[Use of multilayer perception artificial neutral networks for the prediction of the probability of malignancy in adnexal tumors].

BACKGROUND Advanced statistical methods are currently are more often used in the prediction of ovarian malignancy when adnexal tumor is detected. These methods include logistic regression analysis and artificial neural networks (ANN's), i.e. computer programs which are capable of learning from presented data and further predict various events, such as clinical diagnosis or outcome of a given treatment.

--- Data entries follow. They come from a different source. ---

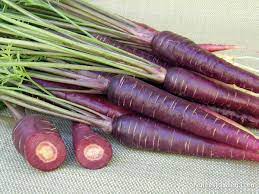 Purple Elite – Carrot Seed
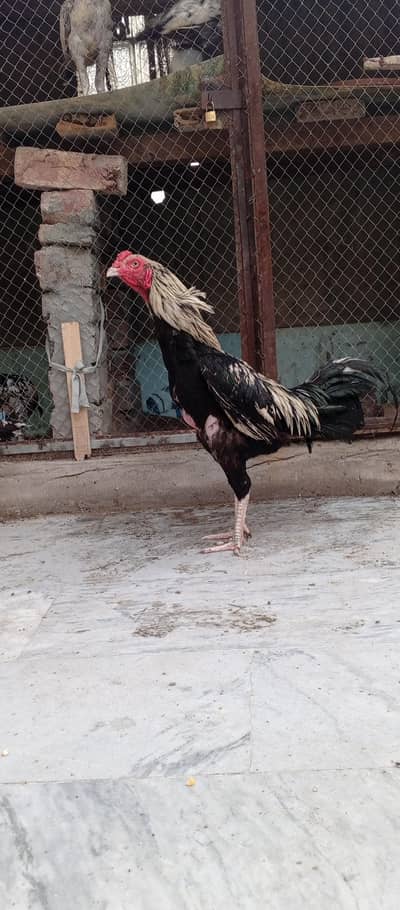 Aseel Sawa Patha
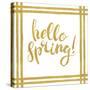 Hello Spring-Patricia Pinto-Stretched Canvas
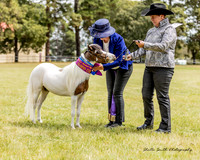 MAS_0091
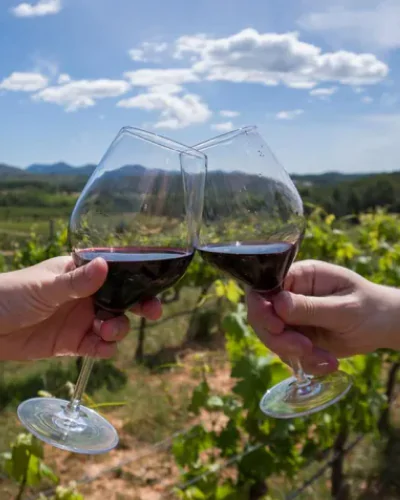 Todas las bodegas de Argentina abren sus puertas para degustaciones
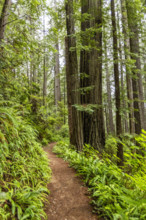 USA, California, Crescent City, Empty footpath in redwood forest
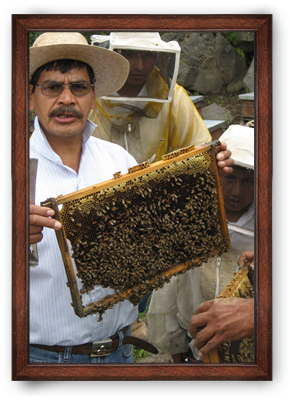 Honey ORIGIN: MEXICO
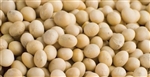 Soy Beans ORGANIC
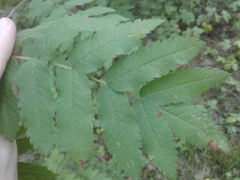 Sorbus aucuparia
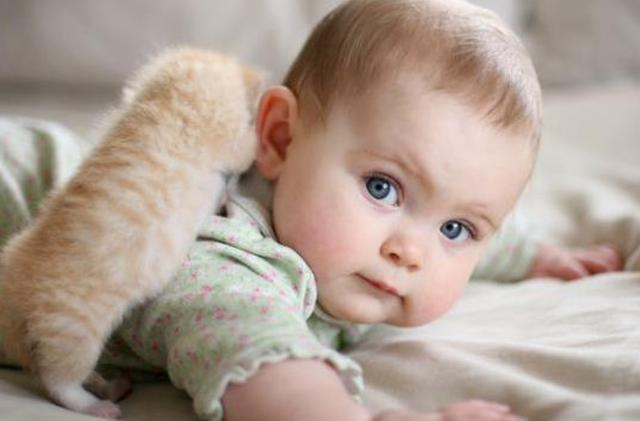 满月婴儿大脑发育的症状,满月宝宝如何促进大脑发育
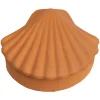 Home Accessories*Los Objetos Decorativos Seashell Box - Amber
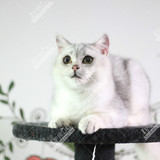 英国短毛猫 银渐层 渐层 纯种 立耳 英短 公猫 白猫 折耳 宠物猫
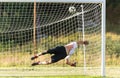 Soccer Football Goal Keeper making Save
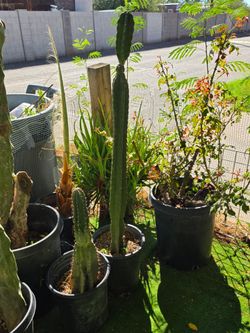 Cactus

MATERIALS AND METHODS We have analyzed data of 307 women with adnexal tumors who were operated in the Ist Dept. of Gynecology, Medical University in Lublin between 2000-2002. Following clinical and sonographic variables were included: age, menopausal status, serum CA-125, bilaterality, tumor size and volume, papillary projections, septa, solid parts presence, Doppler blood flow indices (PI, RI, Vmax), and subjective-color Doppler score. A multiple layer perceptron (MLP) neural network with 13 input variables, 11 hidden neurons and one output variable was constructed to assess probability of malignancy in each women (Statistica v. 6.0 for Windows, Statsoft, USA). Sensitivity, specificity and accuracy of the model were calculated. Receiver-Operating Characteristics curves were generated and corresponding Areas Under ROC Curves (AUROC's) for all diagnostic tests were compared. RESULTS Final histologic examination revealed 228 (74.3%) benign tumors and 79 (25.7%) malignant masses including 21 women with FIGO stage I ovarian cancer. With a 75% cut-off probability of malignancy level the sensitivity and specificity of the best network in the testing set was 96.7% and 100%, respectively. In the validation set the corresponding values of sensitivity and specificity were 82.3% and 97.5%. The highest of all used tests AUROC equal to 0.9749 was found for the ANN predictive model. CONCLUSIONS ANN may help in the extraction of the most useful predictive clinical and ultrasound data. The sensitivity and specificity of the ANN's generated model were higher than currently used single clinical and diagnostic tests. However, a prospective testing in a new, much larger group of women with adnexal tumors is essential for the clinical usefulness of the proposed statistical model.